Le vendredi était le jour de lecture de poèmes avec pour participants Apollinaire, Cendrars, Reverdy, Max Jacob. Des comédiens participaient aussi à ces lectures dont Marcel Herrand, (le formidable Lacenaire des « Enfants du Paradis ») »
Marc Augé note que « Le Certa offre un décor de calme et de tranquillité : le bois des tables, les vitres et les miroirs, le grand comptoir et la banquette de molesquine composent « un délicieux endroit… où règne une lumière de douceur ». Aragon est sensible également au charme de la jeune femme qui tient la caisse, aimable et jolie ; il téléphone souvent au Certa pour le plaisir de lui entendre répondre : « Non personne ne vous a demandé », ou encore : « Il n’y a pas personne des Dadas, Monsieur. »
Aragon appréciait aussi le Porto du Certa dont il fait une description « avec une minutie d’ethnographe et un enthousiasme de pratiquant fidèle : (extrait du Paysan de Paris)

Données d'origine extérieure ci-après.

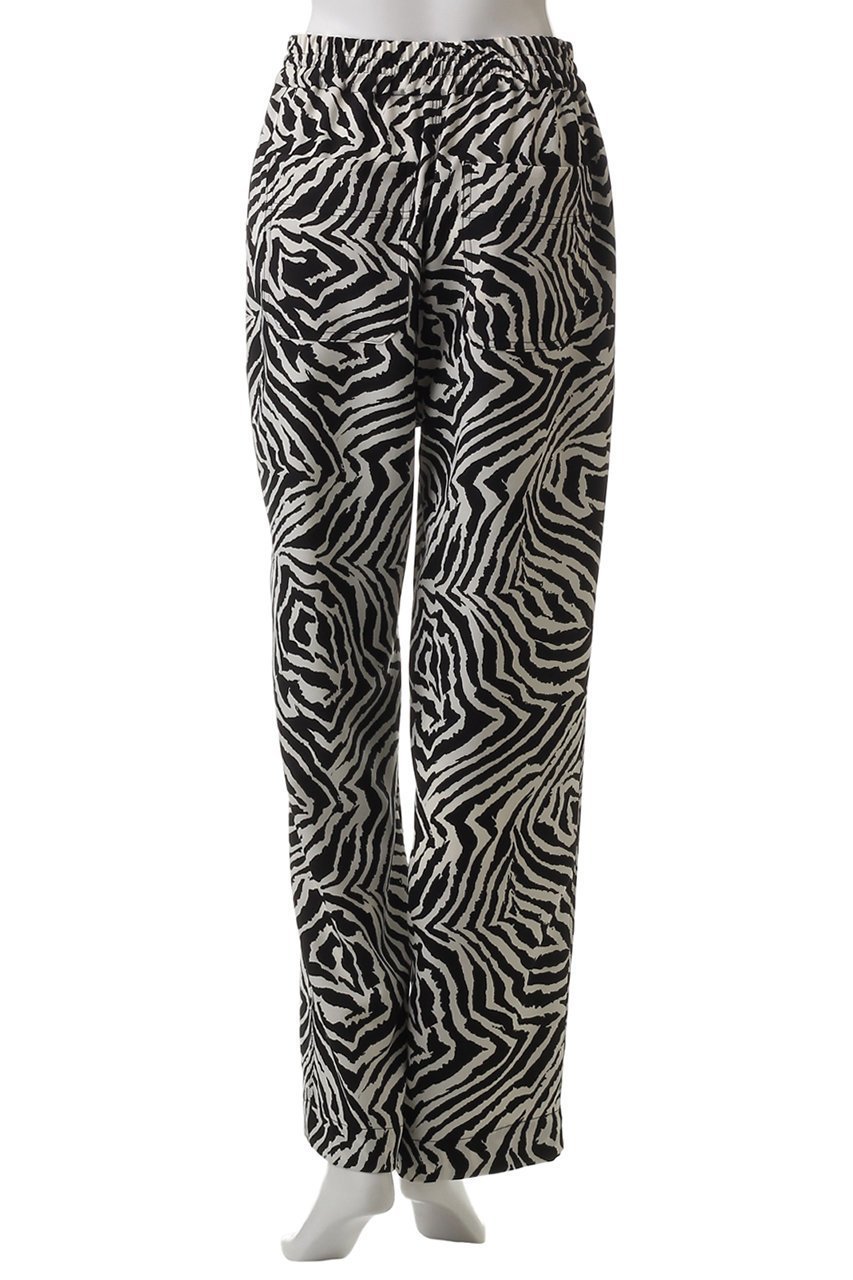 【オブラダ/Oblada】のZEBRAパンツ 人気、トレンドファッション・服の通販 founy(ファニー) 　ファッション　Fashion　レディースファッション　Fashion for Women　パンツ　Pants & Trousers　シンプル　Simple, Minimal　ストレート　Straight, Straight Cut　other-4|ID: prp329100004358345 ipo3291000000032929678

« Je veux consacrer un long paragraphe reconnaissant aux consommations de ce café. Et tout d’abord à son porto. Le porto Certâ se prend chaud ou froid, il en existe diverses variétés, que les amateurs apprécieront. Mais le porto rouge ordinaire, qui vaut deux francs cinquante, est déjà si recommandable que je craindrais de lui nuire en parlant des autres. Je suis au regret de dire que le bon porto se fait de plus en plus rare à Paris. Il faut aller chez Certa pour en boire. Le patron m’assure que ce n’est pas sans sacrifice qu’il arrive à fournir celui-ci à sa clientèle. Il y a des portos dont le goût n’est pas mauvais, mais qui sont en quelque sorte labiles. Le palais ne les retient pas. Ils fuient. Aucun souvenir n’en demeure. Ce n’est pas le cas du porto de Certa : chaud, ferme, assuré, et véritablement timbré. »
« Et le porto n’est pas ici la seule spécialité. Il y a peu d’endroits en France où l’on possède une gamme pareille de bières anglaises, stout et ales, qui vont du noir au blond par l’acajou, avec toutes les variations de l’amertume et de la violence. Je vous recommande, ce n’est pas le sentiment de la plupart de mes amis (Max Morise excepté) qui ne le goûtent pas comme moi, le strong ale à deux francs cinquante : c’est une boisson déconcertante. Je recommanderai encore le Mousse Moka, toujours léger et bien lié, le théâtre Flip et le Théatra Cocktail, pour des usages divers, ces deux derniers oubliés dans le tableau suivant : »
Le percement de la dernière section du boulevard Haussmann, en 1925, emporte cependant « le grand cercueil de verre ». C’en est fini des galeries et des lueurs changeantes « qui vont de la clarté du sépulcre à l’ombre de la volupté, de délicieuses filles servant l’un et l’autre culte avec de provocants mouvements de hanches et le retroussis aigu du sourire ».
L’actuel Certa est situé 5 rue de l'Isly, 75008. Paris-Bouge le décrit ainsi :
« Le Certa est un bar-restaurant, à la déco dite "industrielle-chic", créé en 1926. Côté restaurant, le Certa offre la possibilité de se restaurer tous les jours de 12h à 00h (dimanche : fermeture 17h). Au menu, une carte composée de plats « faits maison » : cheesburgers, fish & chips, de nombreuses spécialités aveyronnaise, entrecôte d’environ 300 grammes... Et tous les mardi soirs au Certa, c’est soirée spéciale Aligot-saucisse. Côté bar, une carte de cocktails de la maison et une carte de vins à déguster installé dans des canapés Chesterfield, à la table d’hôte conviviale de 12 personnes ou au bar. Le dimanche, le Certa propose un brunch avec buffet sucré/salé et boissons chaudes à volonté. »
Le Certa est ouvert tous les jours. Du lundi au vendredi de 8h à 2h, le samedi de 10h à 2h et le dimanche de 12h à 18h.